1. Buka konten
  2. Buka menu utama
  3. Buka situs DW lainnya

Karzai Presiden Afghanistan Tanpa Legitimasi

3 November 2009

Politik di Afghanistan kini menjadi lelucon belaka. Penetapan Hamid Karzai sebagai pemenang pemilu presiden merupakan propaganda ampuh bagi Taliban.

https://p.dw.com/p/KMZ9


Proklamasi kemenangan Hamid Karzai tanpa melewati pemilu presiden putaran penentuan di Afghanistan, setelah mundurnya kandidat penantangnya Abdullah Abdullah menjadi tema komentar harian internasional.

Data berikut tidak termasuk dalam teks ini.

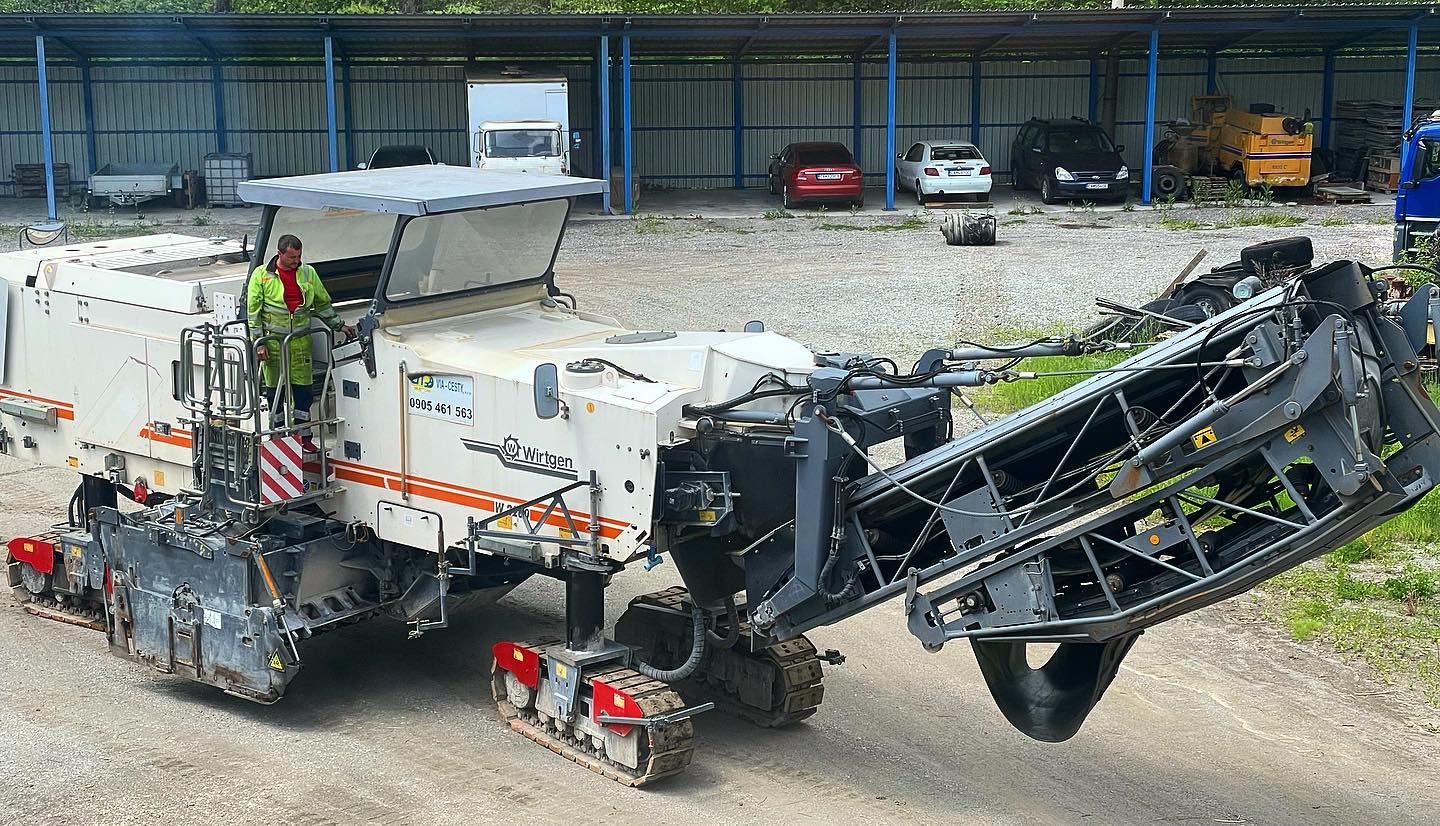 W2200 with 3,8m milling drum 🚧🚧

Harian liberal kiri Spanyol El Pais yang terbit di Madrid dalam tajuknya berkomentar : Untuk meraih legitimasi yang tidak dimilikinya, Hamid Karzai harus mengubah secara radikal haluan politiknya. Dengan cara mengganti antek-anteknya dan mengakhiri korupsi. Akan tetapi sangat diragukan, bahwa presiden Afghanistan itu akan menjalankan sebuah reformasi, yang selama tujuh tahun masa pemerintahannya tidak pernah dipedulikan. Bagi Taliban dan Al Qaida pengukuhan kembali Karzai, menjadi senjata propaganda unggulan. Di mata kelompok radikal Afghanistan, proses demokratisasi yang mereka lawan habis-habisan, praktis sudah gagal.

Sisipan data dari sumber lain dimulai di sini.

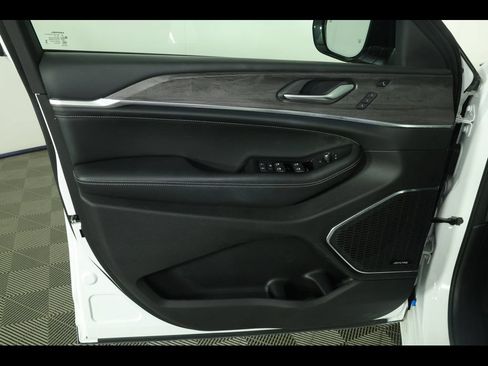 Used 2023 Jeep Grand Cherokee L Overland w/ Luxury Tech Group IV AWD/4WD image 26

Harian Inggris The Independent yang terbit di London berkomentar : Barat mengharapkan, lewat pemilu penentuan itu pemerintahan baru dapat mempertajam legitimasinya. Dengan susah payah presiden Hamid Karzai dapat dibujuk untuk menggelar pemilu penentuan. Sekarang, semuanya kembali ke titik awal. Persepsi yang kini meluas adalah, sebuah rezim penipu dikukuhkan kembali memimpin Afghanistan. Hal tsb membuat pertimbangan presiden AS Barack Obama, apakah ia akan mengirimkan tambahan 40.000 serdadu ke Afghanistan, semakin menjadi sebuah mimpi buruk.

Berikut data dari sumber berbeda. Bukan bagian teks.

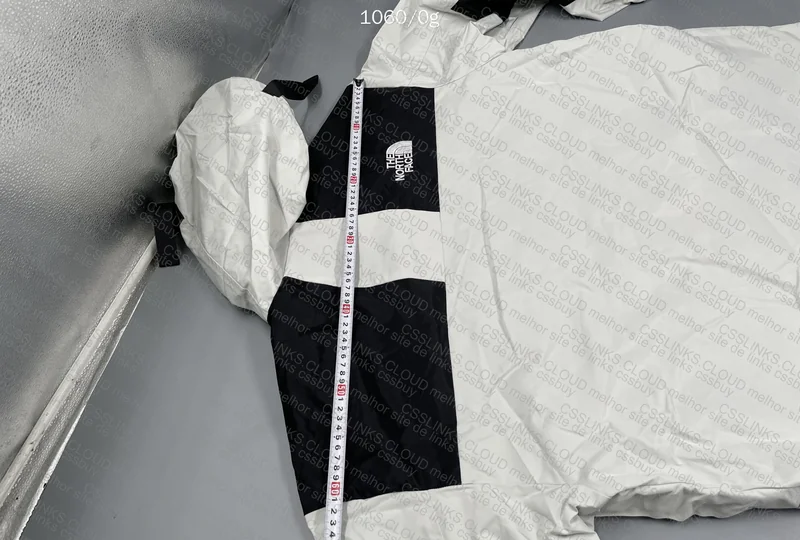 The North Face 1990 - Sale 8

Harian liberal kiri Italia La Repubblica yang terbit di Roma berkomentar : Hamid Karzai dikukuhkan untuk ketiga kalinya menjadi presiden Afghanistan. Kali ini menjadi seorang presiden yang tidak memiliki kandidat saingan, yang ditetapkan kembali untuk menghindari digelarnya pemilu babak penentuan. Berbeda dengan tahun 2001 lalu, ketika pimpinan suku Pashtun itu kembali ke negerinya dengan didukung pasukan elite AS, situasinya sekarang semakin sulit. Memang saat ini Taliban tidak lagi berkuasa. Akan tetapi kelompok santri ini mampu melancarkan serangan di seluruh Afghanistan, untuk semakin melemahkan pemerintahan Karzai. Karenanya, Hamid Karzai harus bekerjasama lebih erat dengan mantan saingan terberatnya, Abdullah Abdullah untuk mencegah agar negeri itu tidak ambruk ke dalam kekacauan.

Terakhir harian Swiss Tages Anzeiger yang terbit di Zürich berkomentar : Seorang presiden Afghanistan yang nyaris tidak memiliki legitimasi, mendapat sebuah amnesti dari Washington. Hanya sekitar 15 persen penduduk Afghanistan yang memilih Hamid Karzai dalam pemilu putaran pertama dan satu-satunya pemilu yang digelar. Sebagian besar pemilih tidak datang ke bilik pemilihan, karena takut serangan Taliban. Di negara lainnya, keikut sertaan pemilih yang minim semacam itu, sudah cukup untuk mengisolir sebuah pemerintahan. Tapi Afghanistan beda, karena di negeri ini tidak ada alternatif lainnya. Afghanistan tidak akan berkembang menjadi sebuah negara demokrasi seperti rancangan AS, hanya karena Washington menghendakinya. Keyakinan yang keliru tsb menyesatkan pemerintahan Bush. Tapi juga pemerintahan Barack Obama tidak menunjukkan perubahan politik mendasar di Afghanistan.